Following the dissolution of her operator, Nile Steamship renamed her to Kurdistan, keeping the ship to operate along the Eastern coast of Canada.

==Oil spill==
While traveling from Point Tupper, Nova Scotia to Sept-Îles, Quebec on 15 March 1979, laden with 30,000 tons of heated Bunker c oil, Kurdistan encountered heavy winter pack ice in the Cabot Strait around noon and was unable to proceed. The weather was poor and the ship reported that it was rolling heavily. After being immobilized in the ice for approximately eight hours the tanker turned and headed towards the open sea in an effort to get around the pack ice. Almost immediately after clearing the ice, the tanker was caught in a heavy swell and crew reported hearing a "thud and a shudder", and Kurdistans hull began to crack vertically in two separate areas. Oil began leaking from a vertical crack in the sides of the vessel's No.3 wing tanks. The Kurdistan crew managed to pump a substantial amount of the oil into the remaining undamaged tanks within the vessel, limiting what could have been a more catastrophic spill, before the ship's bow section broke completely apart from the vessel and remained partially afloat.
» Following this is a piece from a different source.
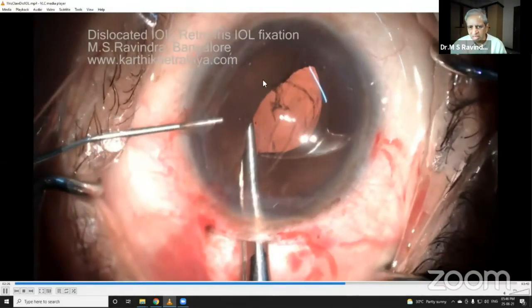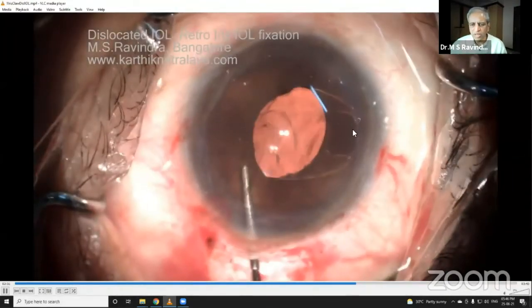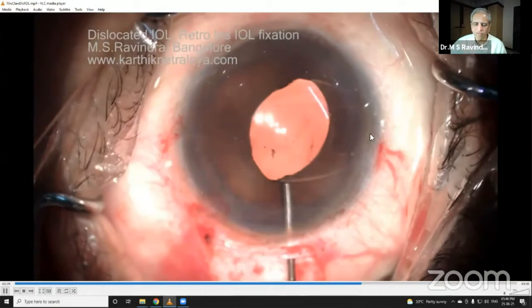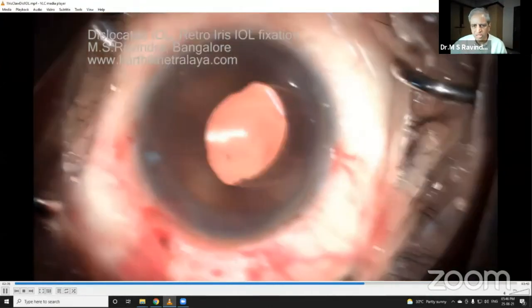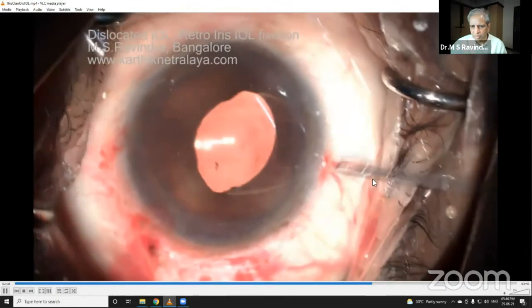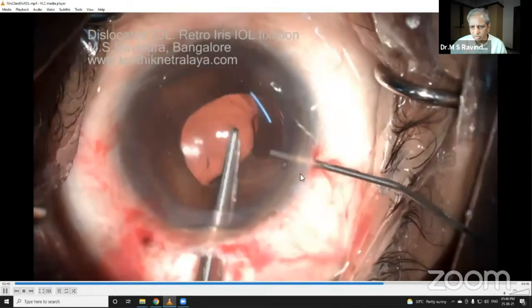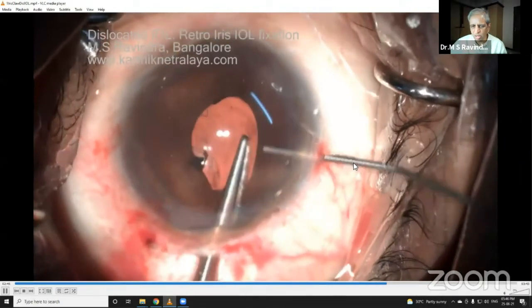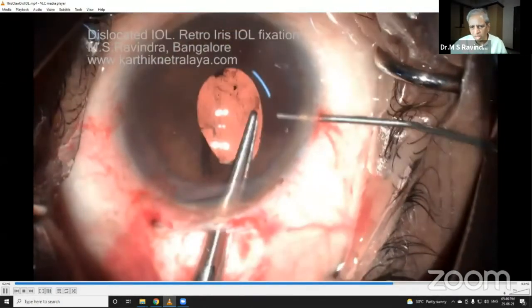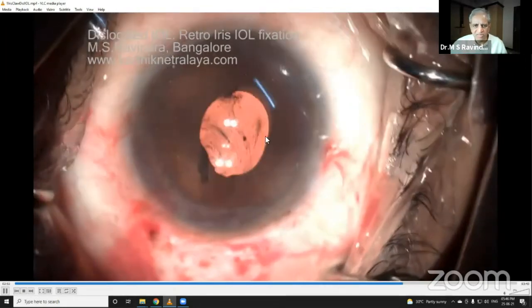Then lift the haptic — now you can see it beautifully got enclosed. This is a very quick, very easy technique. You're sure that you've fixed the iris into the enclave. I'm ready to enclave, and using a shorter cannula so it doesn't touch the lid — and that's done. The anterior capsular surface is intact.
The crew were later rescued by the Canadian Coast Guard vessel Sir William Alexander.

In the disaster, 10,000 tons of heavy oil was ultimately spilled into the Cabot Strait, with the clean-up efforts along Cape Breton Island's western coastline taking ten months to complete. It was later revealed that the disaster marked the first time Kurdistan had ever carried a cargo of heated oil.
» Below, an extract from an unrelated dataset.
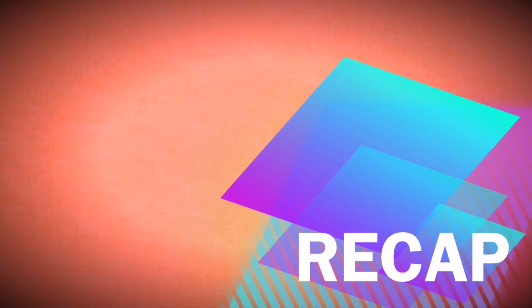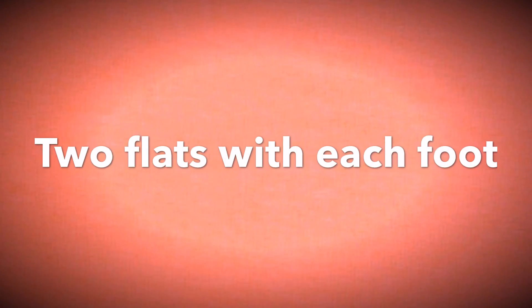Alright dancers, it's time for a recap. That was the Carretilla step, where you do two flats with each foot.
The stern section remained afloat and was towed into Port Hastings, Nova Scotia where the remaining 16,000 tonnes of oil was off-loaded once weather had improved. What remained of Kurdistan was later towed to Europe and retrofitted with a new hull before returning to service as the Simonburn in November 1979. The severed bow section was towed to deep water south of Sable Island and sunk by gunfire from on 1 April 1979.

=== Cause ===
An inquiry later blamed the wreck on human error, with faulty welding to the ship's hull made shortly before the incident being deemed responsible.

The cause of the crack was determined to be a defective butt weld in the port-side bilge keel. The area had been damaged in 1975 and repaired in 1977. It was also determined that the displacement of heated oil by cold water entering the cargo tanks contributed to the disaster.

== Later service ==
Immediately following the accident, Kurdistan was brought into drydock and fitted with a new bow. While in drydock, she was transferred to the Hindustan Steam Shipping Company, itself managed by Common Brothers. Under her new operators, the ship was renamed Simonburn in 1979. The next year, the ship was transferred to the Northumbrian Shipping Company, also a part of Common Bros. Under her new owners, she was renamed to Aura Bravery.

Her purchase while in drydock left Common Brothers to cover the cost of reconstruction, who financed the move with bank loans in hopes to achieve questionable profits previously forecasted. By 1982, the company had missed the forecasted profits and approached a crisis as its stock rapidly deflated, interest on debt mounted, and began losing money due to failed investments. To inject cash into the failing company, Aura Bravery was sold.